Exercise requirements - Reproduce, unchanged, the lines between the one holding "Panasonic HC-VX2MS 4K ビデオカメラ 光学ズーム ビデオカメラ Panasonic" and the last line of the records, including both ends, but no pictures.

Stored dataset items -

---

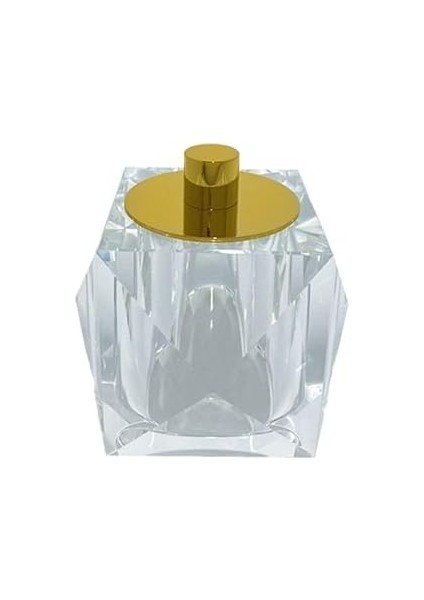 System Kristal Pamukluk Gold Renk 112X114X114 mm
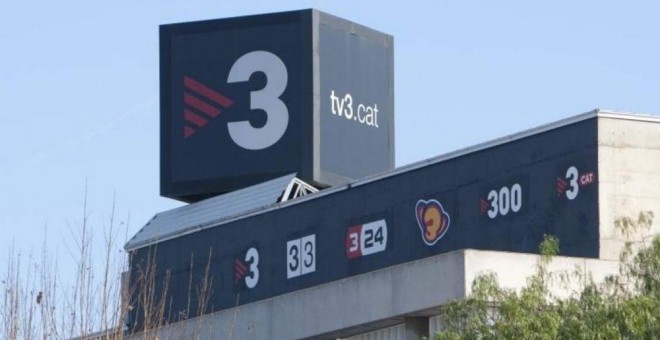 Sede de TV3 en Barcelona. EFE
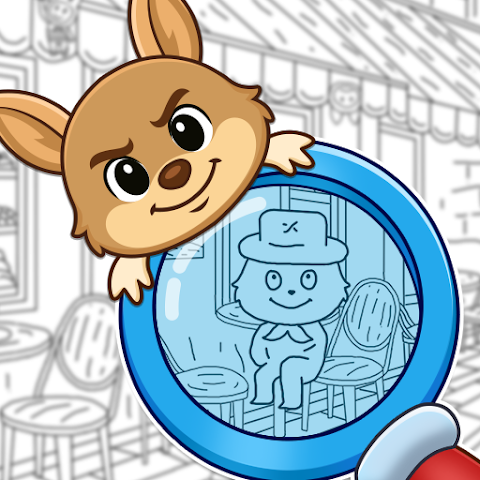 Find The BUBU: Cat Hidden Paws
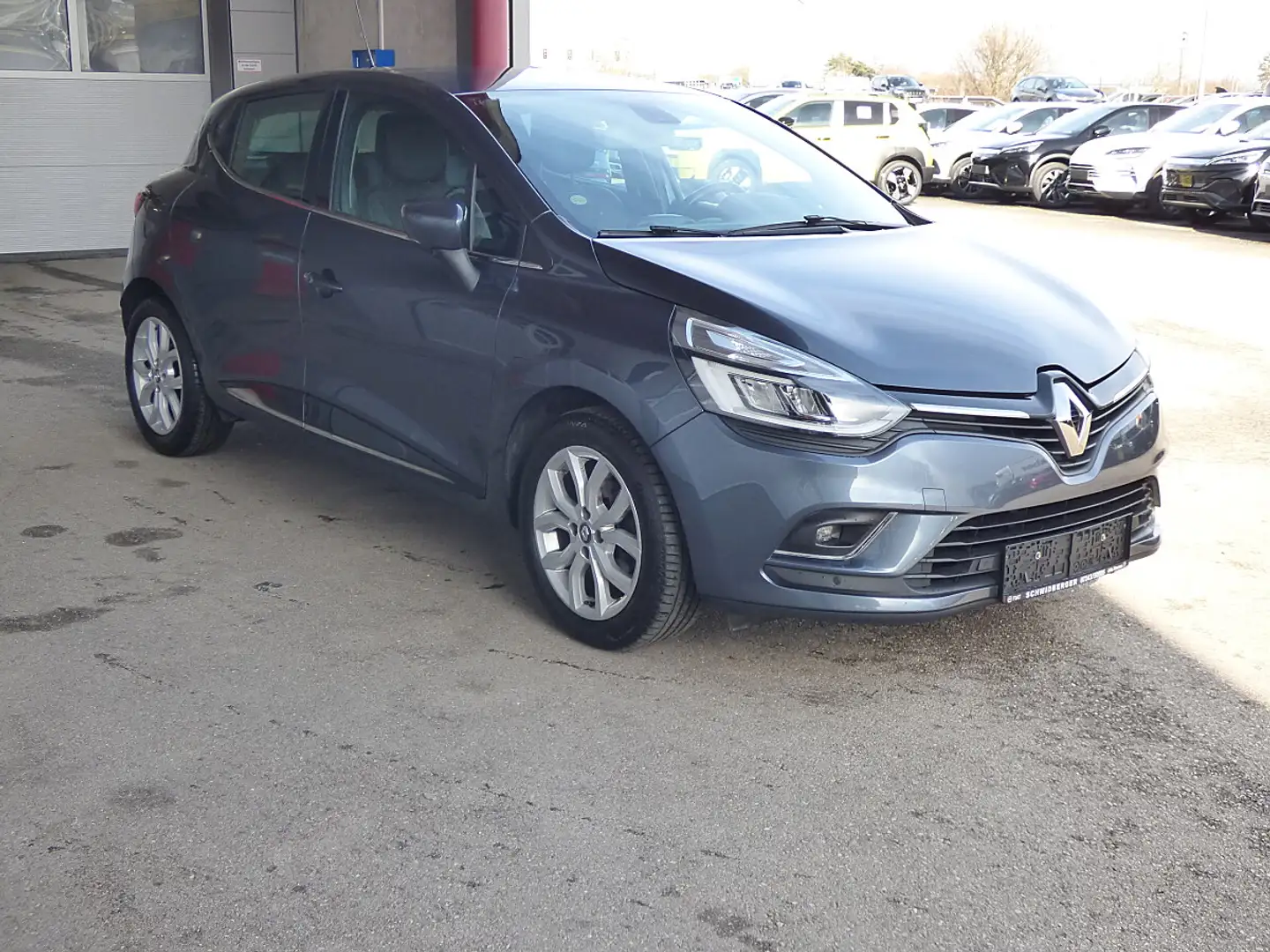 Renault Clio Intens Energy TCe 120 8-fach bereift Grau - 2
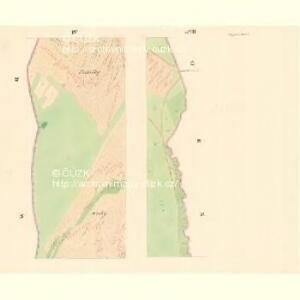 Kuzelau - m1448-1-003 - Kaiserpflichtexemplar der Landkarten des stabilen Katasters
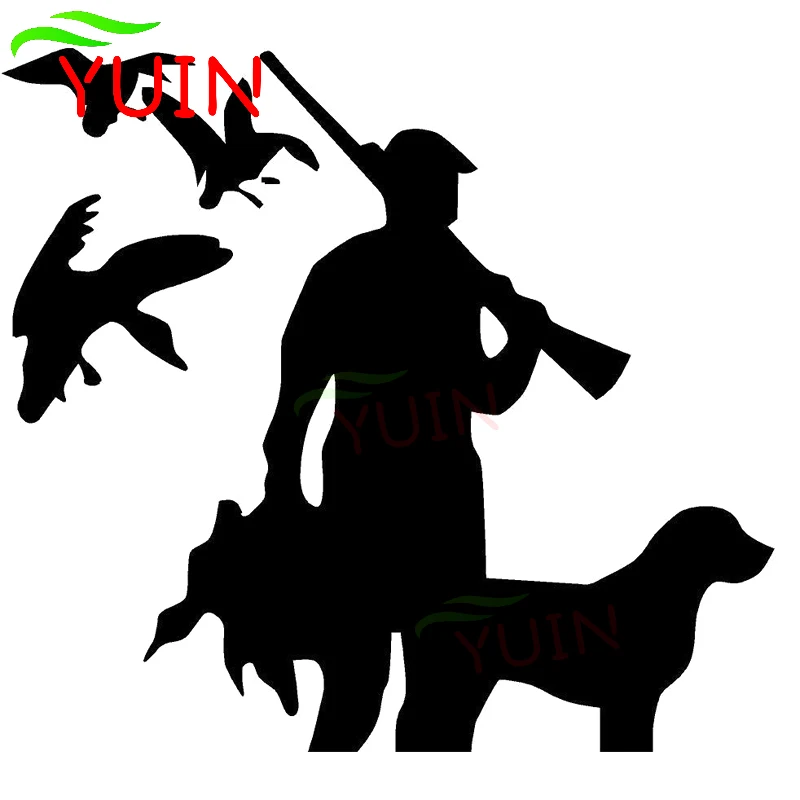 Duck Hunting Dog Car Sticker Fashion Body Decoration Personality PVC Waterproof Sunscreen Decal Black/White/Red/Laser/Silver
Duck Hunting Dog Car Sticker Fashion Body Decoration Personality PVC Waterproof Sunscreen Decal Black/White/Red/Laser/Silver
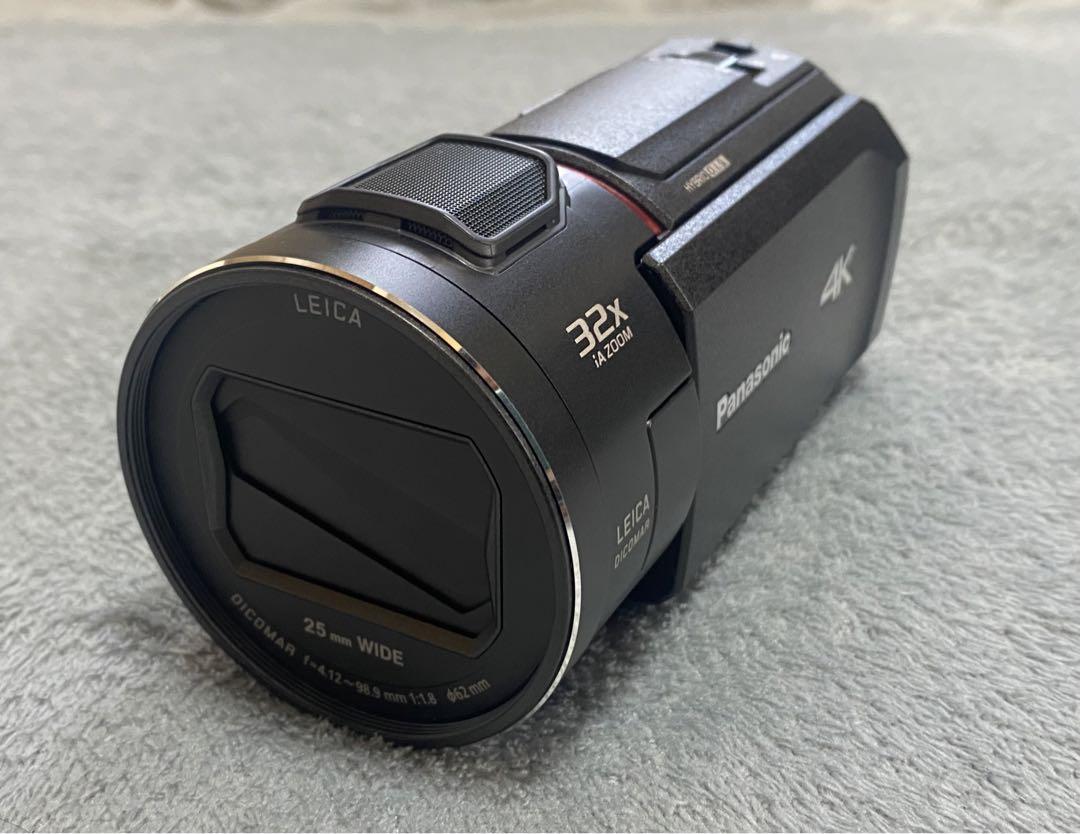 Panasonic HC-VX2MS 4K ビデオカメラ 光学ズーム ビデオカメラ Panasonic HC-VX2MS 4K ビデオカメラ 光学ズーム ビデオカメラ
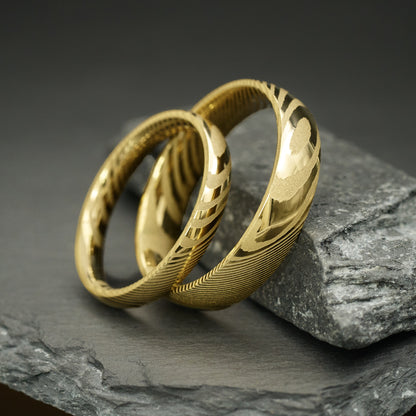 Trauringe in Gold Kavora von Fablano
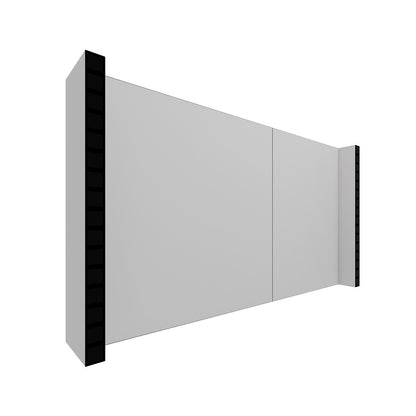 EverPanel® Simple Wall Kit - Black Trim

---

Answer to this task -
 Panasonic HC-VX2MS 4K ビデオカメラ 光学ズーム ビデオカメラ Panasonic HC-VX2MS 4K ビデオカメラ 光学ズーム ビデオカメラ
 Trauringe in Gold Kavora von Fablano
 EverPanel® Simple Wall Kit - Black Trim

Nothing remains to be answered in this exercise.